The report found that in 8,717 DMs analyzed, about one in 15 broke Instagram’s rules on abuse and harassment, including 125 examples of image-based sexual abuse.
“On Instagram, anyone can privately send you something that should be illegal,” Ms. Riley said in the report. “If they did it on the street, they’d be arrested.”
In studying the accounts that sent abusive messages, 227 of 253 remained active at least a month after they were reported. Forty-eight hours after they were reported, 99.6 percent of the accounts remained online. (Instagram said accounts are banned after three strikes, and lose the ability to send direct messages after a first strike.)
The report argued for stronger regulation, accusing Big Tech companies of being unable to regulate themselves.
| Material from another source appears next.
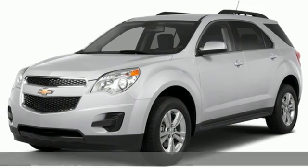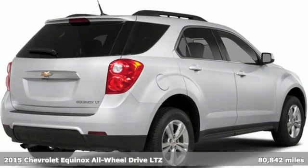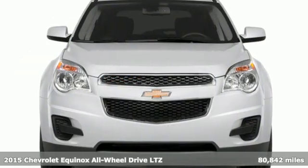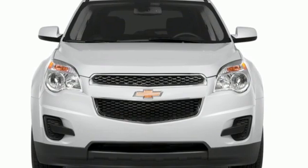It's a 2015 Chevrolet Equinox, designed to handle life's journeys and all the equipment it requires. You'll look forward to every drive with features like these.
Their commitments to halting harassment were without teeth and secondary to the goal of profit, the report said.
In the meantime, women were left to work out their own coping strategies. Some choose to not engage with the direct messages, but Ms. Klinger said that was not an option for her, since she sometimes gets press requests to speak about her activism.
Ms. Heard said the experience, and the inability to do much about it, had increased her paranoia, indignation and frustration.
“Social media is how we connect with one another today and that medium is pretty much off limits to me,” she said in the report. “That’s the sacrifice I made, the compromise, the deal I made for my mental health.”